Denis Phelps was born in Wellington in 1943, his grandfather (and regular companion) a greengrocer, his father and mother accountants in a market gardeners' co-operative. He spent his entire life in an inner Wellington suburb. When most of his contemporaries in early-Sixties Wellington were heading off to see the world, Phelps's travel was confined by the limitations of his mobility and by his always fragile physical condition and frequent, grievous accidents. He was told, when 16, that he would never work.
With his minimal formal education and several years' self-education behind him he took himself, with encouragement and physical help from his sister, to Victoria University. There he discovered an ability to gain A grades and burst into student politics as Secretary of the Students' Union. He began writing a weekly metropolitan newspaper column on university affairs.
He spurned, without deriding it, much of the help then available to the physically handicapped and felt it was necessary for him to make his way as a normal member of the workforce. But he had to be more than normal. "When you're in a position such as mine," he told one interviewer,
you have to be that much better. People don't accept you on the same basis as they accept other people so you have to try harder.
His chance came with his acceptance in 1970 into the then NZ Broadcasting Corporation news service. And it was here that he remained with a talented group of colleagues developing and encouraging in others a professionalism in the skill of news organisation, presentation and philosophy that was to make of Radio NZ News a service among the best in the world - and a source of talent for the UK and many other countries.
Soon he was in one of the hottest seats in broadcasting - president of his union, the Association of Broadcasting Journalists, this during the reign of the autocratic and divisive prime minister Robert Muldoon. In 1977 Phelps took a hard line against political interference and pressure experienced by journalists. He strongly defended the position - and human frailties - of journalists and journalism. "Of course," he said,
we make errors of fact, judgement and taste. And sometimes we are personally dishonest in an effort to stay in favour with management. But, with our imperfections, we remain one of the few barriers to an authoritarian bureaucracy.
Phelps's childhood experience of isolation prepared him for years of overnight and early-morning work and the pressure of preparing bulletins for the breakfast shifts. He was often alone, but never a loner. He craved company and conversation. He assuaged these thirsts as an elegant and sophisticated host, in his custom-built house. Therein could be found an always well-peopled dinner table where music and wines flowed while Phelps wheeled in his cordon bleu dishes from low-level oven to table. His party trick was the quiz, the conundrum, the unanswerable question, to confound. His politics were liberal and compassionate, his manner courteous, his method in the kitchen, as in conversation, orderly, tidy.

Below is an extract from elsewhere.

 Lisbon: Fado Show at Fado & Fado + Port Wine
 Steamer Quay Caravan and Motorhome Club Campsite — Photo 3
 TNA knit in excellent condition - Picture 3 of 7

He carried this attitude into his work. To those of us working as his newsreaders, he would hand over carefully written, thoughtfully compiled, considered prose written for the reader and the hearer, a discipline so many of us in our various news roles tried to emulate here in Britain. We often discussed the nature of the news bulletin and its significance in the wider world of the media. He saw it as his demanding responsibility that the listener be helped to understand the sense of the story and, in the context of that bulletin and the news of the day and the week, its meaning.
Phelps remained at the coalface of news until the end of his life. He could have moved to administration or higher rank elsewhere. Rather, he chose, as he saw it, the continual professionalisation of his craft, the crafting of news.
He spoke of his work minutes before he died. "It's been a tough job," he said, "but I think I've done it pretty well."
Not a boast. OK to go.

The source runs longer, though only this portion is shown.